抱えた影は、ただ重苦しいものではなく、胸の中いっぱいに満ちて溢れそうな感情の写し鏡です。その感情と感情が交わりあうとき、一陣の新しい風が、新しい予感が生まれるのではないでしょうか。
ただ憂いているだけではないのです。決して嘆いているわけではないのです。彼女たちは互いに影を見つめ、新しい何かを生み出そうとしているのではないでしょうか。
ラブライブ!スーパースター!!楽曲の中で、「影が新しい何かを生み出す」という構図は、実は初めてでは無いのです。その歌は、ほの暗い雨空の下で青空を待っていた少女が歌っていました。
青空を待っている
色んな説が出てくると思うのですが、「キミ」というのは歌のことを指してると私は捉えています。実は「キミ=歌とちぃちゃんのダブルミーニング説」を密かに推してるのですが、それはまたの機会に語りたいと思います。
ややこしくなるので、今回は「キミ=歌」という解釈で進めていこうと思います。この解釈の元、引用の歌詞を意訳すると以下のようになります。
サビは敢えていじらずにそのまま引っ張ってきました。
サビで「大嫌いだよ」って言ってるあたり、歌詞だけ見るとめちゃくちゃネガティブですよね。このネガティブさも影遊びと似ています。
どちらの曲も、歌詞こそネガティブに感じる側面があるものの、曲調と歌声はそれとは真逆な印象を与えてくれます。「影遊び」はカッコよさ、「青空を待ってる」は伸びやかなイメージを感じました。このギャップも大好きです。
話を「青空を待ってる」に戻します。
一番のサビはネガティブという話をしましたが、ラスサビは一転、「大好き」というポジティブな感情に変わります。
幼少期、人前で歌うことが出来なかった。
音楽科の受験でも、歌うことが出来なかった。
だから歌を嫌いになろうとしました。
それでも、どんなに誤魔化そうとしたって、
昔からずっと変わらない想いがあるのです。
2つの曲の共通点
駆け足でしたが、「キミ=歌」と解釈して、「青空を待ってる」についての大まかな流れを見てきました。さらにギュッと短くまとめてみるとこんな感じです。

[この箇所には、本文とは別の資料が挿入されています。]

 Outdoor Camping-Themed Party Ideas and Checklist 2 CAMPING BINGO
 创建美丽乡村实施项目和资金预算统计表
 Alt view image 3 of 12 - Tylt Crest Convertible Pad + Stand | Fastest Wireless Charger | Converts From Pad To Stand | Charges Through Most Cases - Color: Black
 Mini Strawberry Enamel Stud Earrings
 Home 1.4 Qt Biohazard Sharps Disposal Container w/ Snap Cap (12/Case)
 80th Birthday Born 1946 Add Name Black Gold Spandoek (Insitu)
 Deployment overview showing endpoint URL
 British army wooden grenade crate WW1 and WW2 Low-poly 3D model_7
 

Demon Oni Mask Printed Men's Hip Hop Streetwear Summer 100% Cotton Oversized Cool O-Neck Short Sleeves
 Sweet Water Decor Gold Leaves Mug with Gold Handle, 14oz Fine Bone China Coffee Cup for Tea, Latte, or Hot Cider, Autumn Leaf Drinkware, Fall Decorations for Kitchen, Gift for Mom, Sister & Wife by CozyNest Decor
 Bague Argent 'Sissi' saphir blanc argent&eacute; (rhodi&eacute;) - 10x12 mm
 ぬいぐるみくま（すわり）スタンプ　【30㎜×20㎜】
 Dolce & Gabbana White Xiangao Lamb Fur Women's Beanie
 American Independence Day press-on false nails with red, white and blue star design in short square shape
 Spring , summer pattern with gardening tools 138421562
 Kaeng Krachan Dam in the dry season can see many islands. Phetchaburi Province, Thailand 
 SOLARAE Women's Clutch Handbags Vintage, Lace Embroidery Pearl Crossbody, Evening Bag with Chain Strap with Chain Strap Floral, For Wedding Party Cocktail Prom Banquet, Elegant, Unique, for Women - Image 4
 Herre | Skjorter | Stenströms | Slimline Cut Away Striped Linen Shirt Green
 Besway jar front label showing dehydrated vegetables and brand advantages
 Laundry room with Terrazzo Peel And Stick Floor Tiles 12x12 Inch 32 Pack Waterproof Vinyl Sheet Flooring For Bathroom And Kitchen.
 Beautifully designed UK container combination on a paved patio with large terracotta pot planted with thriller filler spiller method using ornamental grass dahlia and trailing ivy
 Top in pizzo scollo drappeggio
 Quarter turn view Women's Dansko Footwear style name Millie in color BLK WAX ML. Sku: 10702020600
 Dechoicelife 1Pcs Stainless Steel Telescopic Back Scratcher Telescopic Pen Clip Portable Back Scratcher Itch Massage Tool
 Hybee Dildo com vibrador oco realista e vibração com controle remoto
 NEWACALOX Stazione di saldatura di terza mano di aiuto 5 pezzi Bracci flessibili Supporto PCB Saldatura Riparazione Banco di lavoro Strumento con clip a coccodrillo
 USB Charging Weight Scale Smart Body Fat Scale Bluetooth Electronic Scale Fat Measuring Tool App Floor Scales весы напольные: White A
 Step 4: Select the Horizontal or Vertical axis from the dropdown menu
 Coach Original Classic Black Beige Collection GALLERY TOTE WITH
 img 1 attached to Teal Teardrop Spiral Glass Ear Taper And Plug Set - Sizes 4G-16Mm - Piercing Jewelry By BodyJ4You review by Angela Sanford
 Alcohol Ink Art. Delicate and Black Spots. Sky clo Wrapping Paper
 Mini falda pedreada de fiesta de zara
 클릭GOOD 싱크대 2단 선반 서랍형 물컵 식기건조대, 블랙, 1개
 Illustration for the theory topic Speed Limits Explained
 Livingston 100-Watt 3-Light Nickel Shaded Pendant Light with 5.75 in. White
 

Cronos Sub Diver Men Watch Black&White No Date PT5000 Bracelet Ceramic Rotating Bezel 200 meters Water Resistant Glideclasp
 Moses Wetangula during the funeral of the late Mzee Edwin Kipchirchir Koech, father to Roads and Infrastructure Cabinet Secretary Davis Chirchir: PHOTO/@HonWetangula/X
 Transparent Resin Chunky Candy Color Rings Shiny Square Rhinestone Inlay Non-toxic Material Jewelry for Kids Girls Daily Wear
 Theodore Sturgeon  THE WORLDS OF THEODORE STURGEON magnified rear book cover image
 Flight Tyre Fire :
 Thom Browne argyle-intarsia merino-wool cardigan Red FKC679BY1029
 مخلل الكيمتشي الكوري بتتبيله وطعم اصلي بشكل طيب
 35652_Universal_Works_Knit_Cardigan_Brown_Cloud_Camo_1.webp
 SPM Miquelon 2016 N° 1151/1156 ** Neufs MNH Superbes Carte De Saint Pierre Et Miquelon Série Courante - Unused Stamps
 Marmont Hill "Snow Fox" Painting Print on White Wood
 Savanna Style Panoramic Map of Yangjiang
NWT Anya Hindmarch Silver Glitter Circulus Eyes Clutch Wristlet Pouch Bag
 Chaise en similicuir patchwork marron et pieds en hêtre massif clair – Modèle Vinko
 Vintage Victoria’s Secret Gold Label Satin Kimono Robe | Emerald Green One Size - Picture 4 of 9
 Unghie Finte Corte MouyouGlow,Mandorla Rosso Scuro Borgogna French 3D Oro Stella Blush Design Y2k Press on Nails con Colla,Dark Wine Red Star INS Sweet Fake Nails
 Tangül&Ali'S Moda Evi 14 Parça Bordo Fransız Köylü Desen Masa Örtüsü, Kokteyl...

歌に対する葛藤、苦悩をすべて吐き出して「大嫌い」と歌うかのん。
自分の影を見つめ、感情を吐露することで、本当は「大好き」だという気づきを得る。
ネガティブな感情でも、歌にしてしまえば光が見えてくるのです。
このことはアニメ中のセリフでも語られています。
これって、まさに「影遊び」だとは思いませんか?
青空を待ってるの1番では、自身の抱えた影を思いっきりぶつけています。
「大嫌いだよ」「もう嫌いだよ」と、歌に乗せて心から零れてしまいそうな悲痛な感情を解き放っています。その想いを空へと放ったことで、かのんは気づきを得たのではないでしょうか。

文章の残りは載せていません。